Gupshup founder sees potential for expansion in rapidly changing AI industry

TIM LEEMASTER

Gupshup founder and CEO Beerud Sheth

Gupshup, the San Francisco-based enterprise messaging services firm using natural language processing, sees the potential for expansion in a rapidly changing but challenging industry, founder and CEO Beerud Sheth says.

Gupshup, which means chat in Hindi, analyses, sorts, presents and stores text message content for users.

That’s particularly useful in markets outside the US where the corporate landscape can be much more orientated towards text-based communication with customers, Sheth says.

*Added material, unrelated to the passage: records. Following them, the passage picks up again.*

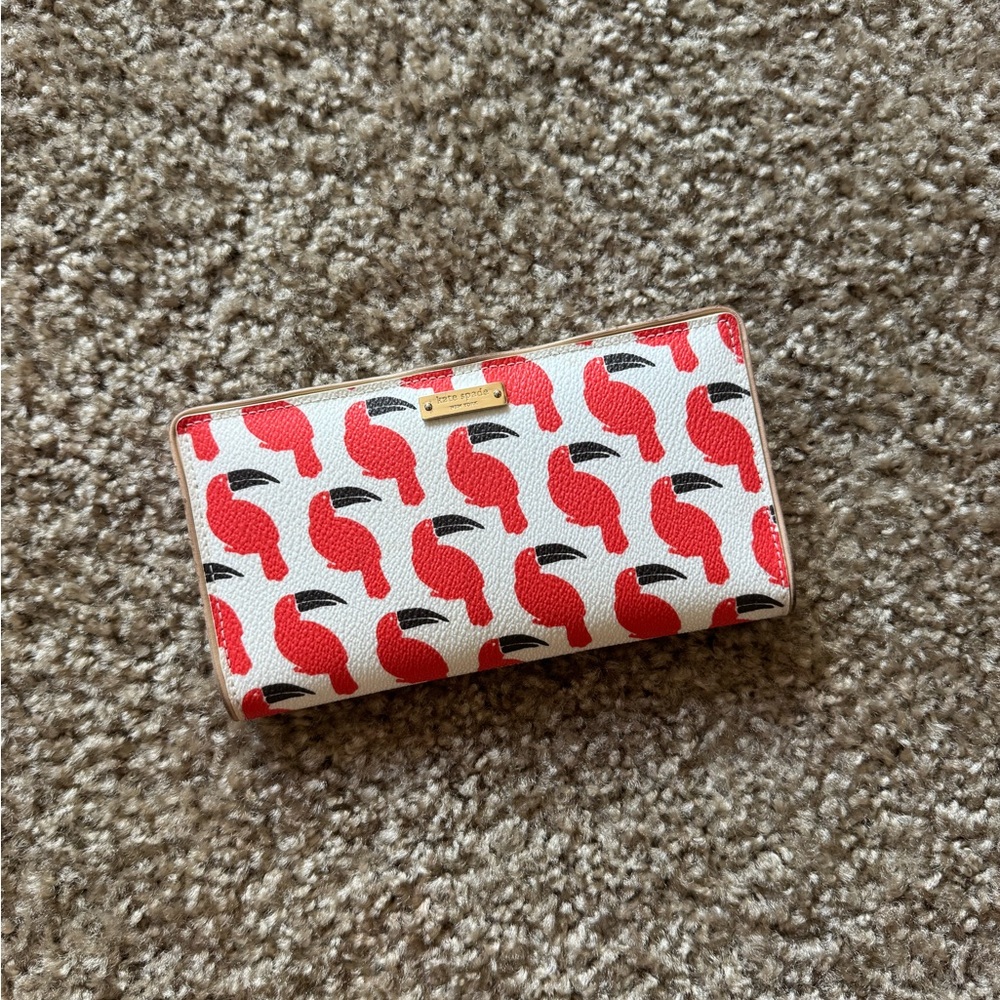 Kate spade toucan wallet
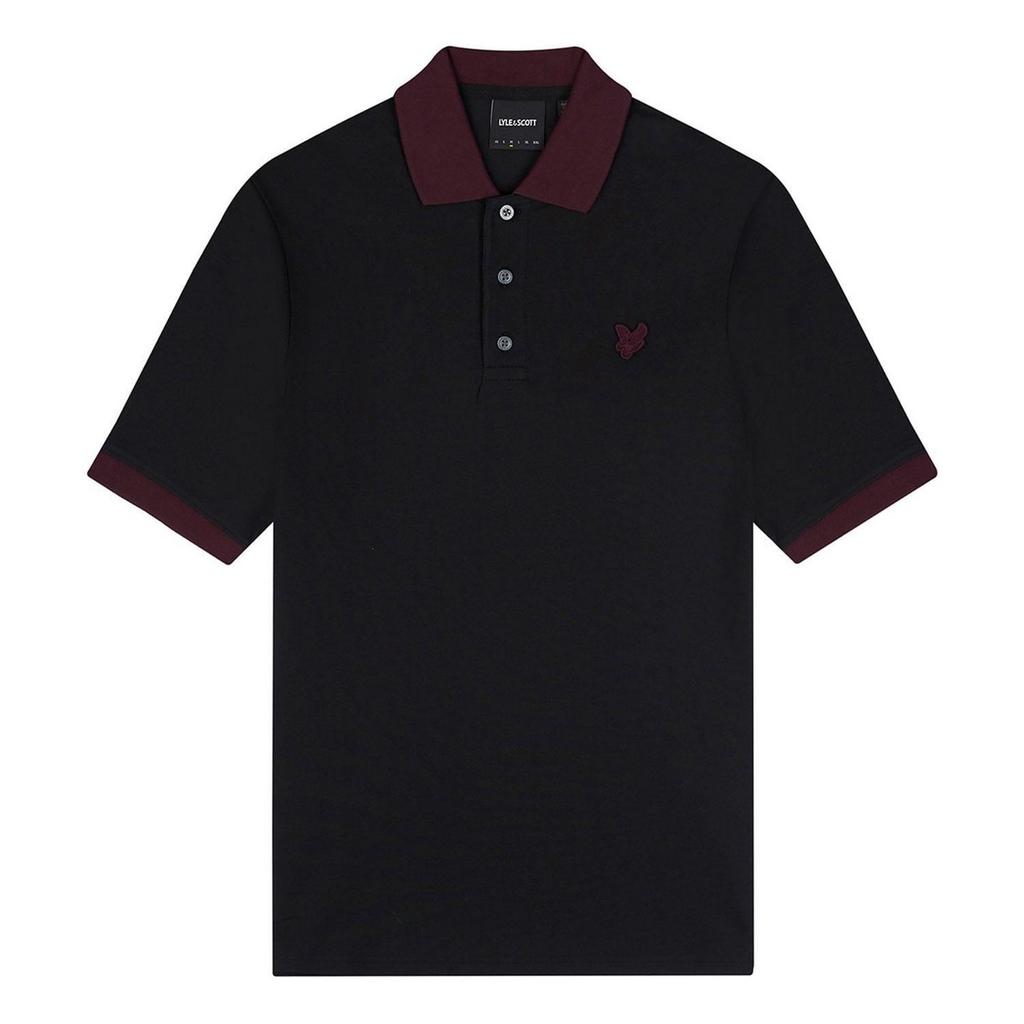 Lyle & Scott Mens Tonal Ringer Polo Shirt
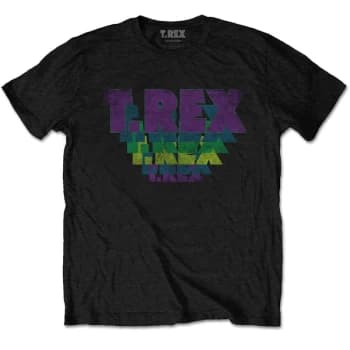 T-Rex - Stacked Logo Unisex Large T-Shirt - Black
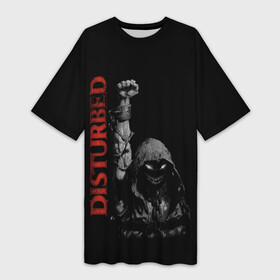 Платье-футболка 3D с принтом DISTURBED в Курске,  |  | dark | disturbed | dreiman | grunge | hardcore | metal | monster | music | punk | rock | usa | гранж | дистербд | дрейман | метал | музыка | панк | рок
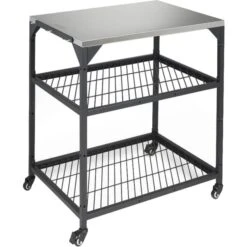 Ooni Modular Tabel V2 Medium UU-P2F000, Untergestell (schwarz/edelstahl, Für Ooni Pizzaofen Samt Zubehör)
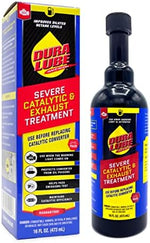 Back label of Dura Lube severe catalytic treatment illustrating universal fit directions and usage ratios.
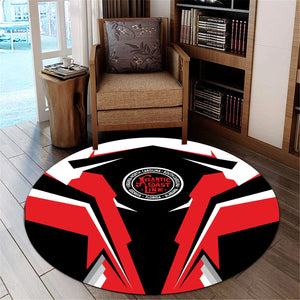 Railspirit Atlantic Coast Line Railroad Round Mat Strong Line Style Rug All Over Print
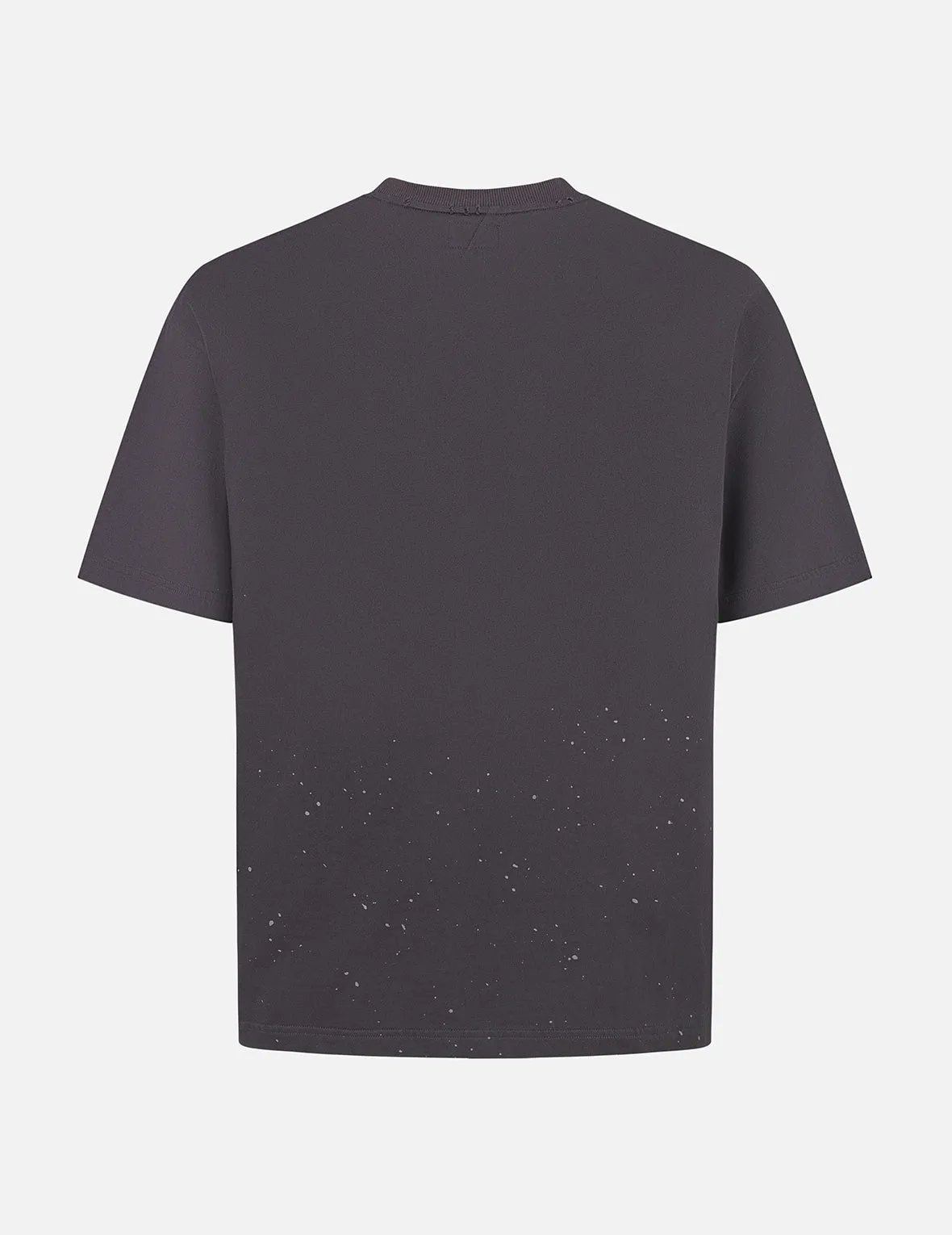 Logo and Seagull Print Relax Fit T-shirt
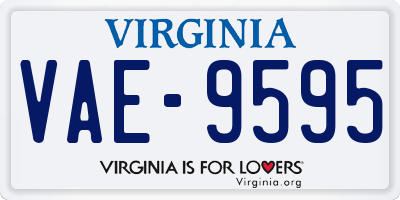 VA license plate VAE9595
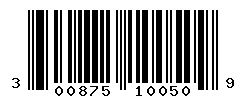 UPC barcode number 300875100509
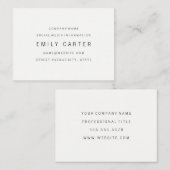Carte De Visite Professionnel minimaliste classique (Devant / Derrière)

The company announced a partnership with Chinese handset maker Xiaomi last month in India, the second largest mobile phone market after the US. Xiaomi held the largest share of the subcontinent market at 27% in the fourth quarter of last year.

The company may extend the partnership into other markets Xiaomi operates in, Sheth says. Xiaomi held 9.3% of the mainland China market at the end of last year and 7.6% of the European market at the end of January this year. Gupshup also works with OnePlus, another Chinese handset maker.

Sheth said the company would announce additional partnerships in the first half but declined to comment further. He sees further growth possibilities both in geography and language, including Southeast Asia and Europe.

The company, like many in the AI industry, outsources data tagging, a critical first step in any AI-based system. In part because of that, Sheth says the company found it important to focus on setting up an entire, end-to-end data processing system.

Early on the company looked at external tools but they didn’t scale to the extent they needed, so they relied on Excel files that became unwieldy far too quickly.

The company then developed its own system internally that shuffles all incoming data into a lake and breaks the classification process into smaller, discrete steps involving more than one tagger.

That’s followed by a verification stage where conflicts between tags can be addressed.

Sheth said at one point everyone saw the importance of putting themselves in the taggers shoes, and that helped fine tune the process. Then carefully watching what the algorithms produce provides a complete, start to finish feedback mechanism.

“Ultimately [all AI] is ‘domain’ specific,” Sheth says. “You have to constantly refine sourcing, tagging, modelling and testing.”

Other challenges have included the physical space limitations of the mobile handset. “You trade accuracy for size,” Sheth says. “You have to figure out the trade off.”

All the while the technology to manage the trade offs is constantly changing and improving. “You have to keep pace,” Sheth says.

Things are moving so quickly in fact the company can struggle with keeping its staff at the cutting edge of AI technology. New graduates from universities arrive only once a year, Sheth says, and things are moving so fast you can see three or four major technological changes in that space of time.

“The research is moving much more quickly, “Sheth says. “Natural language processing has exploded in the last 12 to 24 months.”

Staff is currently split evenly between engineering and sales with a dedicated staff of AI experts at about 15 employees.

The company is profitable and earns about USD 100m in revenue, according to Sheth. The company would bring in more investors if it opts to scale quickly or widely with a new round and does engage in frequent talks with growth investors, Sheth says. The company’s last funding round took place in 2011.

Gupshup was started in 2004 and briefly experimented with a consumer orientation but opted to focus at the enterprise level in the end. “The pricing [in consumer] just didn’t make sense,” according to Sheth.

Sheth was a founder of the company that became Upwork, the Nasdaq-listed website that matches freelance workers to employers. He left when it was making the jump to a global business.

“I’m an entrepreneur and like small things,” Sheth says. He is still the largest shareholder in the firm.

His interest in messaging stems from the realization of how static such a common tool had become.

“Messaging is the most heavily used app on smartphones but it’s still the least invested in,” Sheth says. “We’ve seen very little innovation in 20 years.”